Adams-Prassl, A, T Boneva, M Golin and C Rauh (2020a), “Inequality in the impact of the coronavirus shock: Evidence from real time surveys”, Journal of Public Economics 189: 104245.

Adams-Prassl, A, T Boneva, M Golin and C Rauh (2020b), “The large and unequal impact of COVID-19 on workers”, VoxEU.org, 8 April.

Adams-Prassl, A, T Boneva, M Golin and C Rauh (2021), “The impact of the Coronavirus lockdown on mental health: Evidence from the US”, paper presented at 73rd Economic Policy panel, 15-16 April.
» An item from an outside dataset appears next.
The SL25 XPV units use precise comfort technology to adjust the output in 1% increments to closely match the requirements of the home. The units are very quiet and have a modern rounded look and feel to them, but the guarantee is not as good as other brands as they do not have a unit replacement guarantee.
Astbury, J (2001), “Gender disparities in mental health”, Mental Health–Ministerial Round Tables 54th World Health Assembly, WHO. 

Brown, C and M Ravallion (2020), “Poverty, inequality, and COVID-19 in the US”, VoxEU.org, 10 August.

Etheridge, B and L Spantig (2020), “The gender gap in mental well-being during the Covid-19 outbreak: Evidence from the UK “, ISER Working Paper No. 2020-08.

Krieger, T, J Zimmermann, S Huffziger, B Ubl, C Diener, C Kuehner and M Grosse Holtforth (2014), “Measuring depression with a well-being index: Further evidence for the validity of the WHO Well-Being Index (WHO-5) as a measure of the severity of depression”, Journal of Affective Disorders 156: 240–244. 

Stevenson, B and J Wolfers (2009), “The paradox of declining female happiness”, American Economic Journal: Economic Policy 1(2): 190-225. 

Topp, C W, S D Østergaard, S Søndergaard and P Bech (2015), “The WHO-5 Well-Being Index: A systematic review of the literature”, Psychotherapy and Psychosomatics 84(3): 167-76.